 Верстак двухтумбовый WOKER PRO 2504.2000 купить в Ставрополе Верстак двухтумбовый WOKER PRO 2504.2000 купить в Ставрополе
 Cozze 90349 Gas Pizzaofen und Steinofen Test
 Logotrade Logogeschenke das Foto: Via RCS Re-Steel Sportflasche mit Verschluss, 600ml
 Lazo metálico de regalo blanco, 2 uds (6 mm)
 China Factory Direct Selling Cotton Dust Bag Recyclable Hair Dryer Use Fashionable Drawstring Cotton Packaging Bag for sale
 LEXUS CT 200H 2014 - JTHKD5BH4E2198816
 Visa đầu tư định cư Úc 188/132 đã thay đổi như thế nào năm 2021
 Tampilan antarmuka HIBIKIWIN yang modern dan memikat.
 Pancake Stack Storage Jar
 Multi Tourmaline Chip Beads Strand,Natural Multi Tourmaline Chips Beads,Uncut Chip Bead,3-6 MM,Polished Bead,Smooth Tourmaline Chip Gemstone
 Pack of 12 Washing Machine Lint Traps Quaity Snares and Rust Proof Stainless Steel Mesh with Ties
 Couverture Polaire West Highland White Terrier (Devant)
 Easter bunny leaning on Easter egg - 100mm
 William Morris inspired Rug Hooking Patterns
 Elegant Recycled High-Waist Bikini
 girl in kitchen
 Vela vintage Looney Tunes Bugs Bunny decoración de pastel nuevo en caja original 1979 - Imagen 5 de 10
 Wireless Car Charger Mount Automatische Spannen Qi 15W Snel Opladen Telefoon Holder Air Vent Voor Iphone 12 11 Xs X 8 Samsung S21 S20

────────────────────────────────────────

**Work instructions**
Say how many lines in the entries include the word "Steel", with no text around the number.

**Answer for the task**
2